__Task item__
From the line containing "Sfakaki Villa | Foothills Tangerine Villa" down to the last line of the entries, print each line exactly and leave the pictures out.

[Stored records]
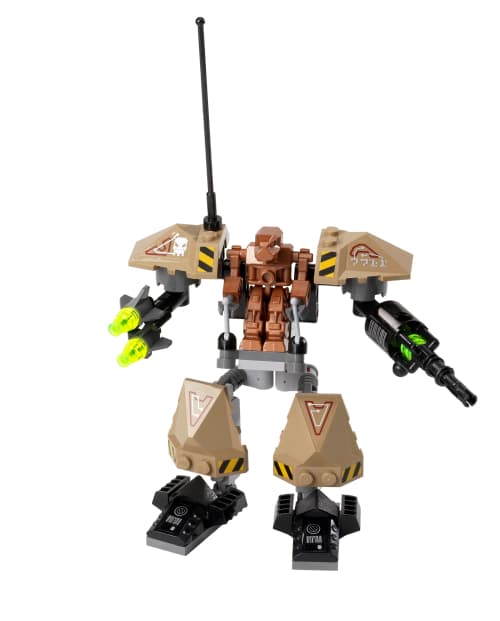 Sentry — 1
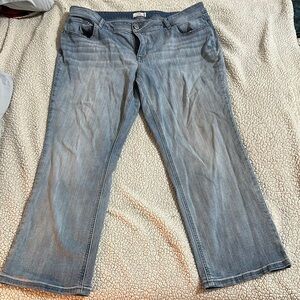 Women's Maurice’s Classic Blue Jeans size 18W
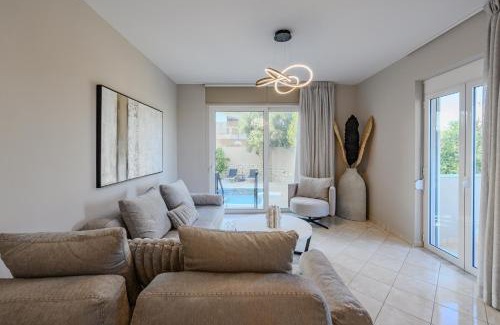 Sfakaki Villa | Foothills Tangerine Villa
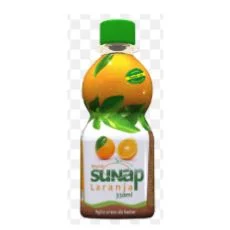 Suco Laranja Sunap - 330 ml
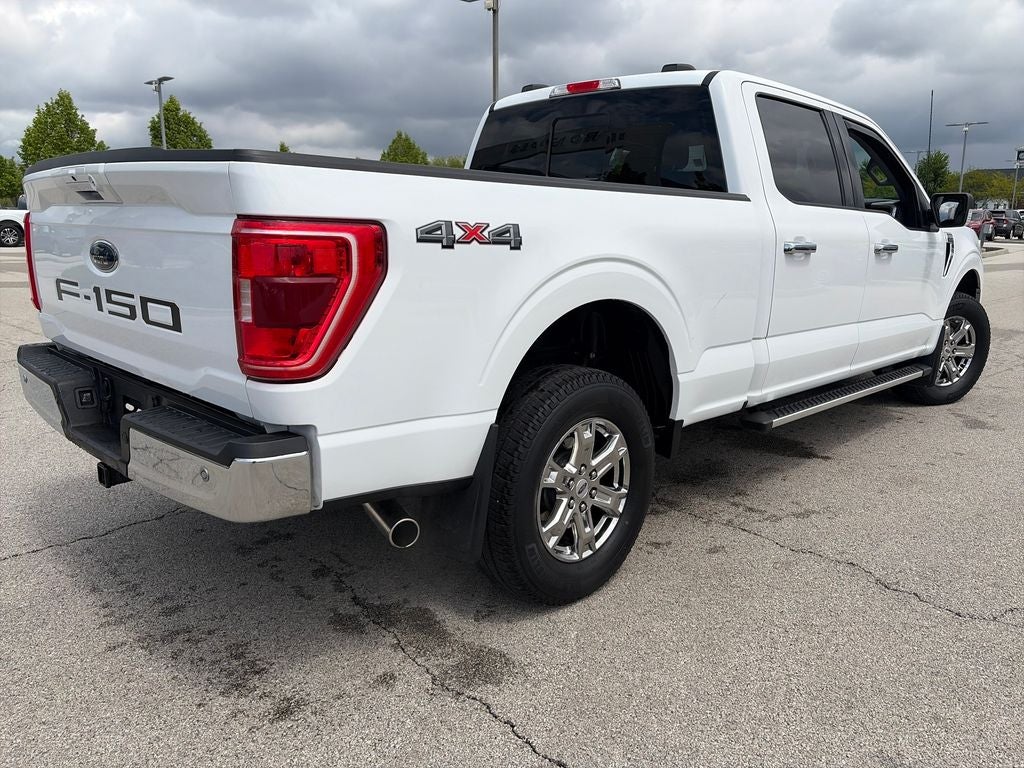 2023 Ford F-150 XLT Longbed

__Answer to the problem__
 Sfakaki Villa | Foothills Tangerine Villa
 Suco Laranja Sunap - 330 ml
 2023 Ford F-150 XLT Longbed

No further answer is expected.